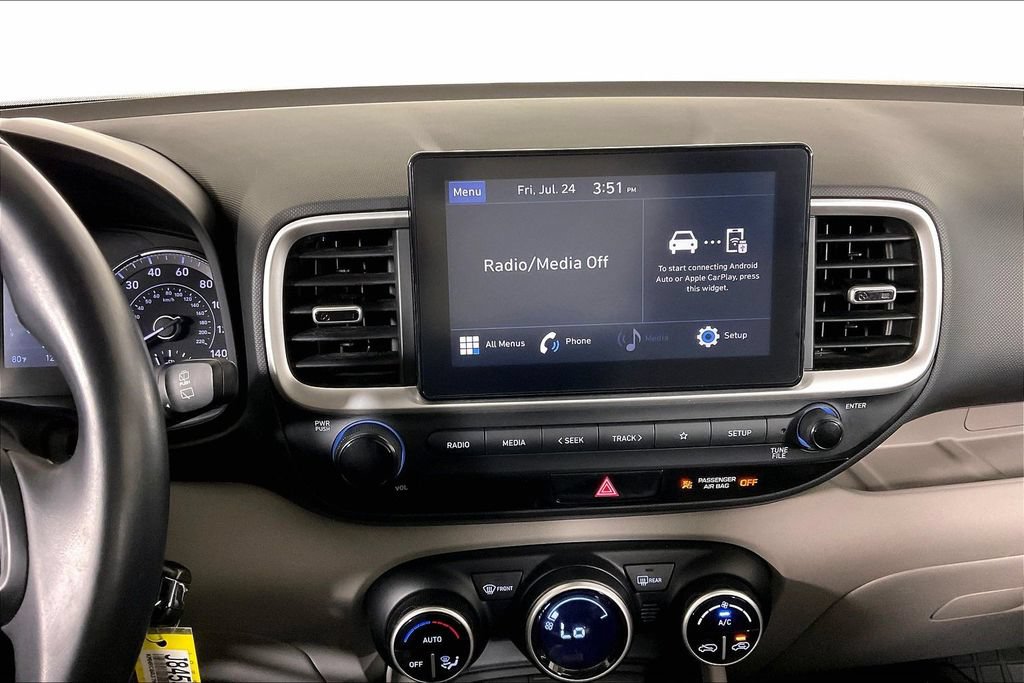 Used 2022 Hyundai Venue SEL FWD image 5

=======

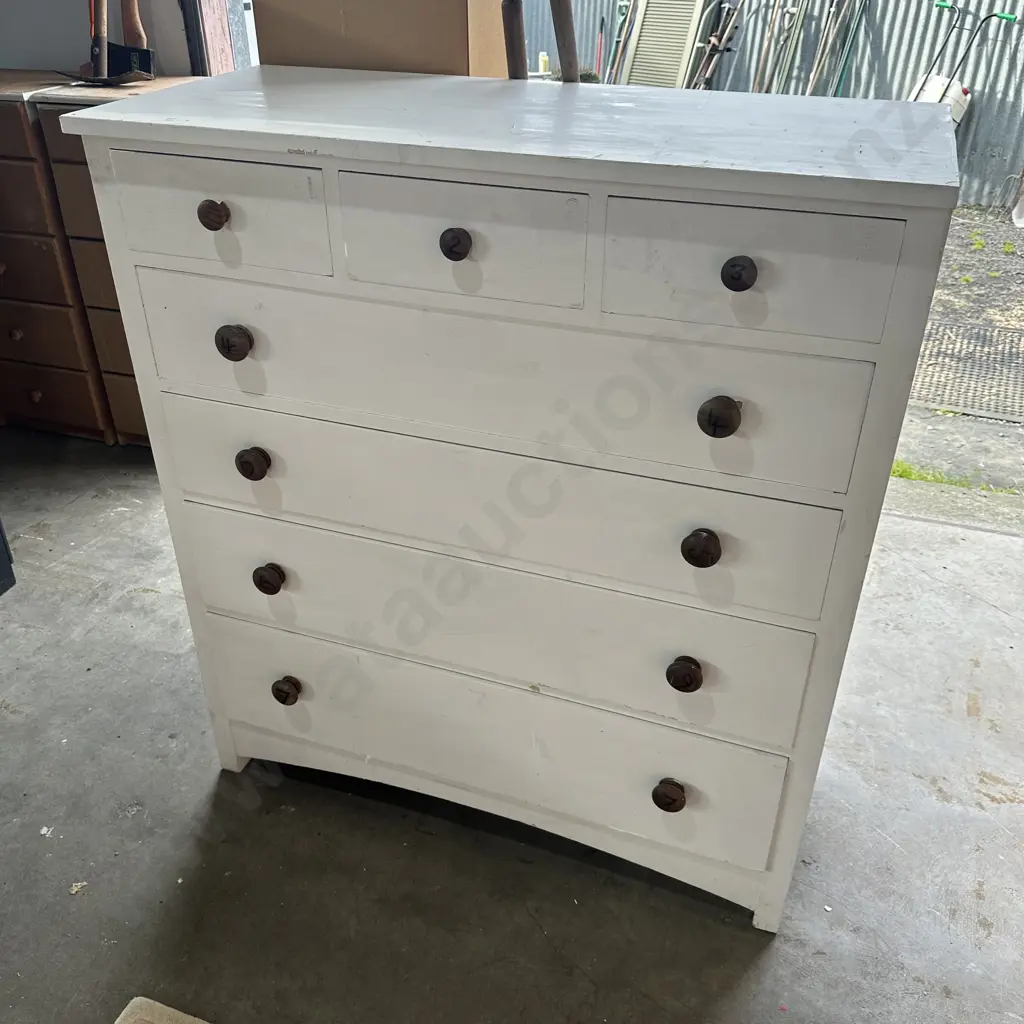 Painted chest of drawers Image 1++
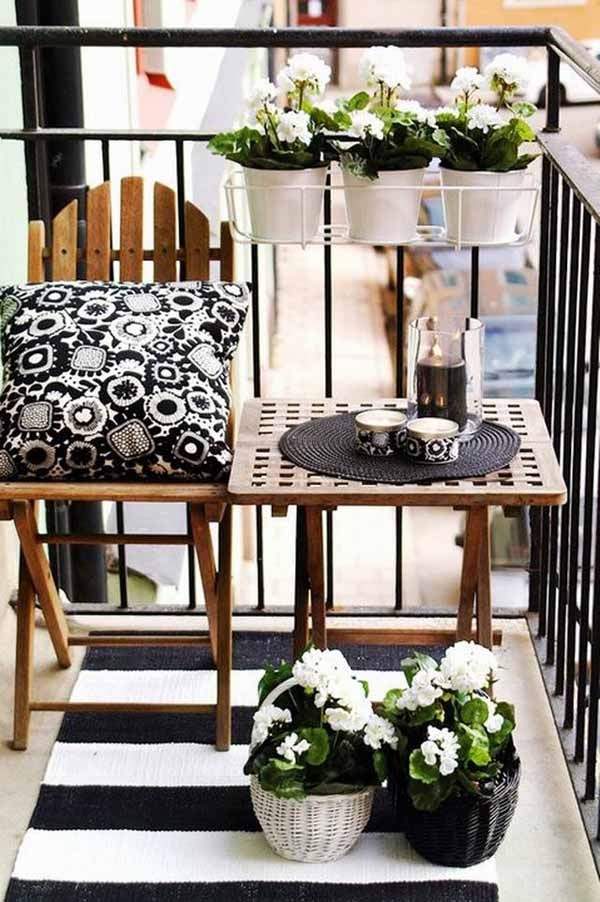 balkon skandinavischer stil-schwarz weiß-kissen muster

=======

- [EXERCISE OBJECTIVE] Within the listing above, the lines from the one with "Painted chest of drawers Image 1++" through the one with "balkon skandinavischer stil-schwarz" are to be given again word for word. Do not include pictures.

- [ANSWER FOR THE TASK]
 Painted chest of drawers Image 1++
 balkon skandinavischer stil-schwarz weiß-kissen muster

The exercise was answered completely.